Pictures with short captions
Content starts

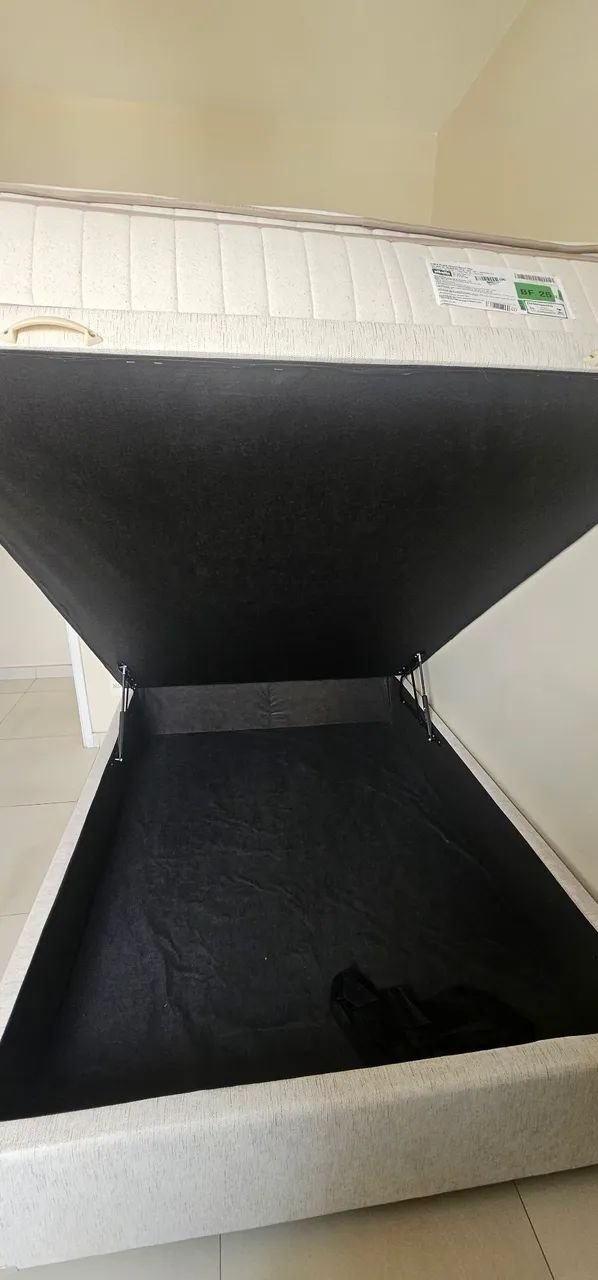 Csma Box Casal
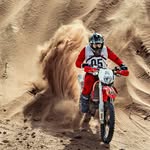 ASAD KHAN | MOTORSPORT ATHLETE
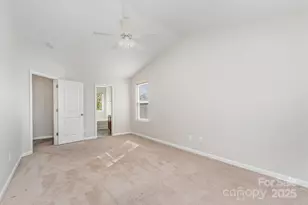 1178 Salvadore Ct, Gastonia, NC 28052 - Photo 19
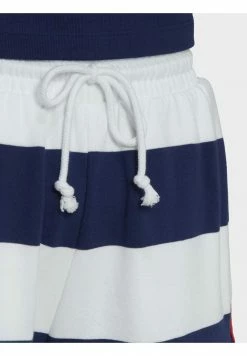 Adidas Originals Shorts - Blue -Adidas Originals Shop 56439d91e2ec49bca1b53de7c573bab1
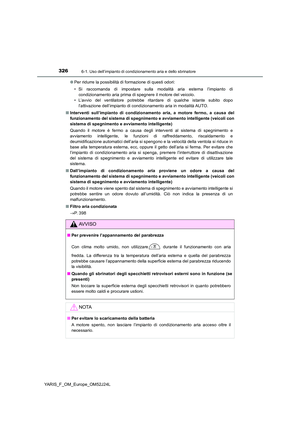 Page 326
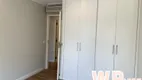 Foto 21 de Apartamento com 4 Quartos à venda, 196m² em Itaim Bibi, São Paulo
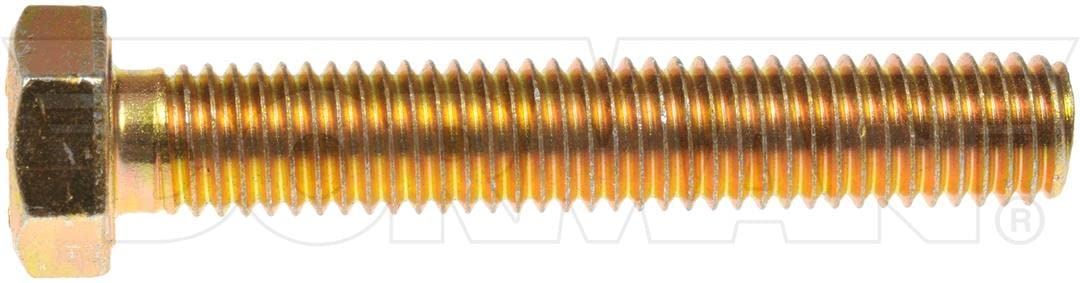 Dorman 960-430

Content ends

All of the data, minus its pictures, should be repeated exactly.

** Exercise answer **
 Csma Box Casal
 ASAD KHAN | MOTORSPORT ATHLETE
 1178 Salvadore Ct, Gastonia, NC 28052 - Photo 19
 Adidas Originals Shorts - Blue -Adidas Originals Shop 56439d91e2ec49bca1b53de7c573bab1
 Page 326
 Foto 21 de Apartamento com 4 Quartos à venda, 196m² em Itaim Bibi, São Paulo
 Dorman 960-430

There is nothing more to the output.